What exactly
does alignment entail? What part is getting misaligned?
For a floppy driver, there are essentially 4 adjustments that you have to
make to do a full alignment :
1) Spindle speed (not on synchronous-motor drives). This one is obvious
2) Head radial position. This involves adjusting the head position
radially with respect to the spindle so that it's positioned over the
centre of a data track, and not off to one side. This is the one that
most people mean by 'alignment'. You use a special disk recorded with
ofset tracks, look at the signal from the head on a 'scope and move the
heard (or more correctly the stepper motor) so that the 2 offset tracks
are the same amplitude on the 'scope
3) Track 0. You've now got the heads over a track. And you know which
track it is, since the alignement disk only has said pattern on selected
tracks. Now step the head out the appropriate number of tracks and adjust
the track 0 sensor (switch/optoswitch) so that it operates at the right place
4) Index timing. This one is not that important, actually, on most
controllers. One track on the alignment disk had a burst of data
positioned accurately wrt the index hole. What you do is read at that
track, look at the index pulse and the data burst on the 'scope and move
the index sensor until the delay between them is right.

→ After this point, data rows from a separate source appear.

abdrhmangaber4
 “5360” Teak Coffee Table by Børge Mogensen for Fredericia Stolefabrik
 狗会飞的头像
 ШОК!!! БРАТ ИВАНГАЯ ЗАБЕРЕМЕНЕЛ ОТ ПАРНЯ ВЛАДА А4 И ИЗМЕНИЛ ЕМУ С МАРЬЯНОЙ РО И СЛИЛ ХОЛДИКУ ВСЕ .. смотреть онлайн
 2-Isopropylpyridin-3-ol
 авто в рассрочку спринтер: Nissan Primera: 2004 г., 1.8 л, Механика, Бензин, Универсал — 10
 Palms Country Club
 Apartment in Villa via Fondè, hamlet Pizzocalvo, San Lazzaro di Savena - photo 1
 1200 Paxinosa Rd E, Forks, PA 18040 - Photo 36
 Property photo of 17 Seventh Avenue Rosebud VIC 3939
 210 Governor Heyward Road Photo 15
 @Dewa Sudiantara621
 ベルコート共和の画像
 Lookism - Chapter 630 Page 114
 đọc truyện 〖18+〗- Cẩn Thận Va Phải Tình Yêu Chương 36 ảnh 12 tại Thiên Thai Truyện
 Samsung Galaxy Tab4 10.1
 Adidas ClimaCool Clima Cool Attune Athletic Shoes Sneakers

In general only (2) and (3) are that important with modern controllers.
All of them are important on hard-sectored controllers, though.
Does this happen to any other type of drive
(CD-ROM, HDD,etc.)
OK... Modern hard disks don't need alignment - they're servo-tracked, and
the head uses information on the disk platters - the so-called servo
bursts - as a position reference. Older demountable hard disks in general
either used one surface of a multi-platter stack for this servo
information (when you have to align the heads wrt each other), or had a
stepping actuator (not, in general as stepper motor, but an actuator that
took its reference from something in the drive and not on the disk), when
you have to align the heads wrt the spindle. You do these like a floppy
drive, with an alignment pack and a 'scope.
Some older winchesters have a stepper motor. In general there's not a lot
you can do with these other than to low-level format them and keep on
using them. Of course you lose data if you do that.
CD-ROMs don't need radial alignment as such - they're servo-positioned in
general. The average CD-ROM drive has 3 or 4 servo loops - focus, spindle
speed, radial position (or coarse and fine radial postion). There are
electronic adjustments for these sometimes, and maybe also a laser power
control. Don't fiddle without a service manual!. You set these up like an
audio CD player.
Tape drives also have alignment adjustments. The old 9-track drives (this
is classiccmp, after all!) have motor speed, tape tension, head skew
(basically angle of the head), sometimes head tilt, tape sensor, etc
adjustments. Even cartridge tape drives have tape speed, head height and
maybe head azimuth adjustments.
I'll leave paper tape units, card readers, printers, teletypes and
monitors until another time (read : until someone asks about them).
Suffice it to say they all need alignment sometimes.
-tony
Ahh, I knew you had a fdd "how-to" simmering in there Tony. " ^
))
This one should definitely go in the FAQ.